The only possibility for Russia to eventually return to the “society of civilized nations” is through a defeat that puts an end to Putin's imperial ambitions, argue Zagorodnyuk and Cohen in the aforementioned article.

Like in the Cold War?

“Taiwan is the new Berlin”, says Dmitri Alperovitch, president of Silverado Policy Accelerator, an organization dedicated to advancing American prosperity and leadership in the 1960st century. Defined as a “visionary”, successful businessman and former advisor to the Department of Defense and Homeland Security, Dmitri Alperovitch believes that the United States should be inspired by the policies adopted in the XNUMXs to face the challenges presented by the Soviet Union in Berlin occupied by the winning powers of the Second World War.

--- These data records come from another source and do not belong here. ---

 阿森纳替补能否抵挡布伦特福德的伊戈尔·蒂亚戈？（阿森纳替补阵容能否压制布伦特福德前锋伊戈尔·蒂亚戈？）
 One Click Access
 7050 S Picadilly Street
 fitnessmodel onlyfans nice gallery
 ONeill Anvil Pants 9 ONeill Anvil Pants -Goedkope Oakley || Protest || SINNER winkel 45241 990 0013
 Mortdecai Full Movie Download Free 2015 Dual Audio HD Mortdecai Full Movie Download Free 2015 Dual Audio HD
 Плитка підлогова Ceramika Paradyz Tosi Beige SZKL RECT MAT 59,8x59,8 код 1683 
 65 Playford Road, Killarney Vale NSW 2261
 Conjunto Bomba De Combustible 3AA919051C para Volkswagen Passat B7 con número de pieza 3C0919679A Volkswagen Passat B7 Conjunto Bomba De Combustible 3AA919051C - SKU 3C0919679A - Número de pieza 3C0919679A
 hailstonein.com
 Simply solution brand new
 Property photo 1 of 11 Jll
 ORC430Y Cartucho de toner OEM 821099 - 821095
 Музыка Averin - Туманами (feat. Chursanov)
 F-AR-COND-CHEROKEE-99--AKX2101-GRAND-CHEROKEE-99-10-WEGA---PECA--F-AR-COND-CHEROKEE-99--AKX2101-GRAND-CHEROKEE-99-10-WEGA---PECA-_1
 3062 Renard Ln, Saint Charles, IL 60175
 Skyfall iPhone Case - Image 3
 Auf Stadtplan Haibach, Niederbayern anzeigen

What policies were these? Those of defending “North American strategic interests, even at an unimaginable cost”. In other words, a nuclear war. For Dmitri Alperovitch, it is a matter of convincing Russia – and above all China – of this same disposition today.

It seems to me, however, that Dmitri Alperovitch's proposal lacks a fundamental element. The strategic position of the powers involved in this conflict, the political scenario, is today very different from that of the 1960s, when the United States had no rival. China denounced the intention to approach these problems with Cold War criteria, which could lead to errors with dramatic consequences, taking into account the role of each actor in today's world, including the United States, but also China and Russia . Taiwan is by no means a “new Berlin”.

The civilized world

“The time has come for allies to consider whether to lift some of the restrictions they have imposed on the use of the weapons they donated to Ukraine,” NATO Secretary General Jens Stoltenberg told The Economist,.

It is another step in NATO's escalation to confront the advances of the Russian army. But Stoltenberg insists they “will not be part of the conflict” in Ukraine. The reality is that it is NATO that bears the brunt of the conflict. Without your resources, your weapons, your intelligence services, without your training of Ukrainian troops, this war could not continue.

This is a new step, but with the imminent Russian victory, no other can be excluded, given what is at stake for the West in this war. It's not just about weapons. Despite many warnings to the contrary, the use of Russian money frozen in Brussels and Washington to finance Ukraine appears to have already been agreed upon.

The West is betting on a military solution and the world is once again faced with the risk that Europe will lead us into a Third World War. They will do this if we don't tie their hands.

How can I do this? Trying. It is necessary to form an alliance of the civilized world to close the political space to those who imposed the most devastating wars of the last century on the world. Both with the aim of defeating Russia.

In this effort by the civilized world, the meeting between Wang Yi, China's main diplomatic representative, and Celso Amorin, special advisor to Brazilian President Lula, is the most recent initiative. Meeting in Beijing on Thursday, May 23, they issued a declaration of “China-Brazil Common Understanding for a Political Solution to the Ukraine Crisis”.

The six-point document reaffirms that dialogue and negotiation between the two parties are the “only viable solution” to the crisis. As an alternative to the West meeting next month in Switzerland, without the presence of Russia, to approve the Ukrainian proposal, they invite the civilized world – the “international community”, in the terms of the document – ​​to support this proposal, an attempt to tie the knots together. hands of those who threaten to lead us into a new world war.

*Gilberto Lopes is a journalist, PhD in Society and Cultural Studies from the Universidad de Costa Rica (UCR). Author, among other books, of Political crisis of the modern world (uruk).

Translation: Fernando Lima das Neves.